Stronger South African Inflation Keeps Lid on Pound South African Rand (GBP/ZAR) Exchange Rate
As the South African inflation rate strengthened from 4.0% to 4.5% on the year in January the Pound Sterling to South African Rand (GBP/ZAR) exchange rate came under fresh pressure.
While inflation hit a seven-month high this is not expected to have any material impact on the outlook of the South African Reserve Bank (SARB), limiting selling pressure on the South African Rand (ZAR).
Even so, as doubts over the health of the South African economy remain ZAR exchange rates struggled to make any significant headway in the wake of the data.
With markets still wary of the potential for the economy to suffer a further loss of momentum in 2020, in part thanks to the wider global trade slowdown, demand for the Rand proved muted.
Nevertheless, as Pound Sterling (GBP) fell generally out of favour once again, fuelled by Brexit-based anxiety, the GBP/ZAR exchange rate remained biased to the downside.

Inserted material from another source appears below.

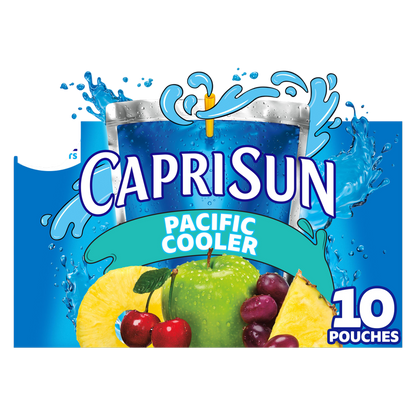 Capri Sun Pacific Cooler 6oz 10pk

Rising UK Inflation Fails to Prevent Pound Sterling Selling
Although the UK consumer price index picked up to a six-month high on Wednesday this was not enough to prevent Pound Sterling from trending lower.
Even with the headline inflation rate rising to 1.8%, approaching the Bank of England’s (BoE) 2% target, markets still saw little cause for confidence.
As Ruth Gregory, senior UK economist at Capital Economics, noted:
‘While CPI inflation rose for the first time in six months, the inflation figures were in line with the Bank of England’s expectations, so they are unlikely to move the dial on the outlook for interest rates.
‘CPI inflation still looks likely to slip back to 1.5% within the next few months and remain below 2% for the rest of the year.’
As long as markets see reason to bet on the BoE cutting interest rates in the months ahead the GBP/ZAR exchange rate looks set to remain on a weaker footing.
Mixed UK PMIs Forecast to Drive GBP/ZAR Exchange Rate Volatility
Worries over the outlook of the UK economy may intensify ahead of the weekend unless February’s flash manufacturing and services PMIs can impress investors.
With the manufacturing sector expected to slip below the neutral baseline of 50 once again, returning to a state of contraction, the risk of a first quarter growth slowdown looks set to rise.
On the other hand, GBP exchange rates could find a fresh rallying point on Friday if the services PMI remains firmly within expansion territory.
Evidence that the service sector continued to deliver solid growth in February would suggest a greater level of economic resilience in the first quarter, easing fears of a potential gross domestic product disappointment.
With the service sector accounting for nearly three quarters of UK growth a stronger showing here could easily overshadow a weak manufacturing figure, paving the way for GBP/ZAR exchange rate gains.